A l’autre extrémité de la route, de ce côté du lac, deux officiers russes se conduisirent de la façon la plus abominable envers les Polonais qui construisaient la même route, mais n’avaient pas pris part à l’insurrection. L’un des deux officiers entra dans leur tente en jurant et en déchargeant son revolver sur ces pacifiques déportés. Il en blessa deux grièvement.

La logique des autorités militaires de Sibérie exigeait que, puisque un officier russe avait été tué, on exécutât plusieurs Polonais. Le conseil de guerre en condamna cinq à mort : Szaramowicz, un pianiste, homme d’une trentaine d’années qui avait été le chef de l’insurrection ; Celinski, ancien officier de l’armée russe, âgé de soixante ans, condamné parce qu’il avait été officier autrefois ; et trois autres dont j’ai oublié les noms.

Le gouverneur-général télégraphia à Pétersbourg pour demander la permission de surseoir à l’exécution des insurgés, mais on ne répondit pas. Il nous avait promis de ne pas les faire fusiller, mais après avoir attendu la réponse plusieurs jours, il ordonna d’exécuter la sentence, en secret, de grand matin. La réponse de Pétersbourg vint quatre semaines plus tard, par poste : le gouverneur était autorisé à agir « au mieux de son jugement. » Dans l’intervalle cinq braves avaient été fusillés.

Cette révolte des Polonais, disait-on, était folie. Et cependant cette poignée d’insurgés obtint quelque chose. La nouvelle de l’insurrection parvint en Europe. Les exécutions, les brutalités des officiers, qu’on connut par les débats du conseil de guerre, produisirent une grande émotion en Autriche, et l’Autriche intervint en faveur des Galiciens qui avaient pris part à la révolution de 1863 et avaient été envoyés en Sibérie. Peu de temps après l’insurrection du Baïkal, le sort des déportés polonais en Sibérie fut notablement amélioré et ils le durent aux insurgés, à ces cinq braves qu’on avait fusillés à Irkoutsk et à ceux qui avaient combattu à leurs côtés.

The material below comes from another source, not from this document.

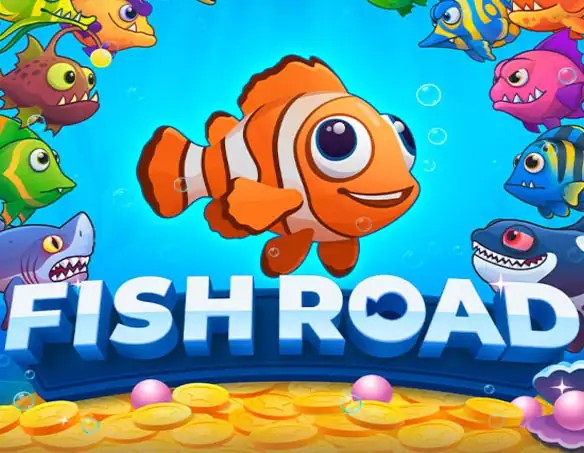 Logo of Fish Road from InOut at CasinOK Casino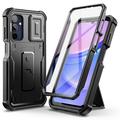 Funda Samsung Galaxy A15 Tech-Protect Kevlar Cam+ - Protector de pantalla, protector de cámara, soporte - Negro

Pour mon frère et pour moi cette révolte fut une grande leçon. Nous comprîmes ce que cela signifiait d’appartenir à l’armée. J’étais en voyage ; mais mon frère était à Irkoutsk et son escadron fut envoyé contre les insurgés. Par bonheur, le chef du régiment auquel appartenait mon frère le connaissait bien, et sous un prétexte quelconque, il ordonna à un autre officier de prendre le commandement du détachement mobilisé. Autrement Alexandre aurait carrément refusé de marcher, et si j’avais été à Irkoutsk j’aurais fait comme lui.

Nous résolûmes donc de quitter le service militaire et de retourner en Russie. Ce n’était pas chose facile, surtout pour Alexandre qui s’était marié en Sibérie ; mais enfin tout s’arrangea, et au commencement de l’année 1867, nous nous mettions en route pour Pétersbourg.